A recently published audit characterizes South Africa's 360 000 teachers, as 'all being in need of some form of inservice training INSET.' ( National Teacher Audit, 1995.) The implications of this professional deficit for curricular changes and paradigm shift, are staggering. Seen in another light, this might constitute immense opportunities for relevant upgrading and repositioning of teacher skills in tune with the information driven needs of the rapidly evolving teaching ecosystem of the imminent 21st century. What is essentially considered a disturbingly acute deficit of teacher capacity presently, could be used to great advantage if perceived for the implicit opportunity it offers on the eve of a world-wide paradigm shift in education provisioning and the new skills versatility required of teachers in fast evolving economies.
That Radio Learning already offers daily access to all but two provinces of South Africa's nine provinces in a relatively short period of development, is not fortuitous. Daily rural outreach is unsustainable by most other means, given the expanse and isolated nature of rural communities. In anticipation of this provisioning concern, OLSET embarked upon an instructional design, portable across the provinces in terms of content, curricular approaches and methodology, easily accessible by the prevalence of radios in most communities in the country.

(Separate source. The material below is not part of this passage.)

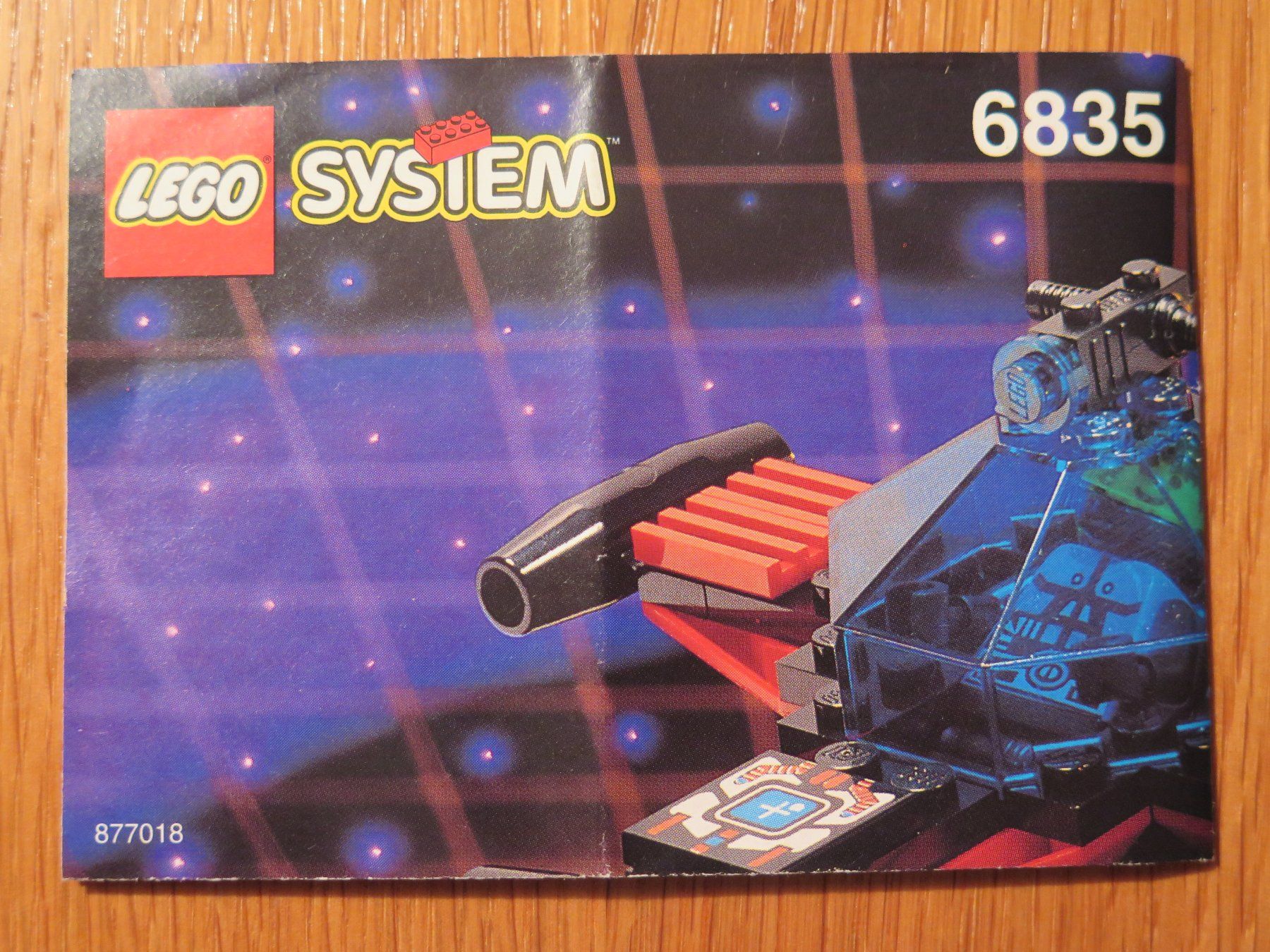 Lego Kit di costruzioni: Lego Set 6835 Saucer Scout – Usato da Winterthur venduto da Namo1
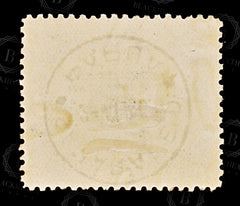 8967: Papua SG53 6d Black &  Dark green 1908 Sc#32 Mi30A Used C£16, view 4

Access issues, however, have not been narrowly confined to 'availability on the air'. Acknowledgement of various learning styles and media preferences within the radio instructional design (all not being able to be accommodated of necessity) imputes more generous construction consensus around the notion of equity of access. Learners are offered an array of approaches to lesson content and structures, in order to accommodate learning style preferences as much as possible. Story, song, motion, music, rhyme, peer teaching, print and graphics, radio, teacher interaction, face to face, total physical engagement, etc., are deployed in imaginative combinations encouraging greater active participation in the learning process. Evaluations show several aspects of learner performances have been impacted positively, and 'equity of access' of content by considerably more pupils within the learning situation, is seen as contra distinct to 'as many as possible accessing the program.'
Similarly, teacher development and inservicing by radio, print and audio and face-to-face combinations, are perceived as potential viable routes to open learning configurations, whereby access is addressed meaningfully through voluntary entry and exit points and not solely through physical outreach connotations.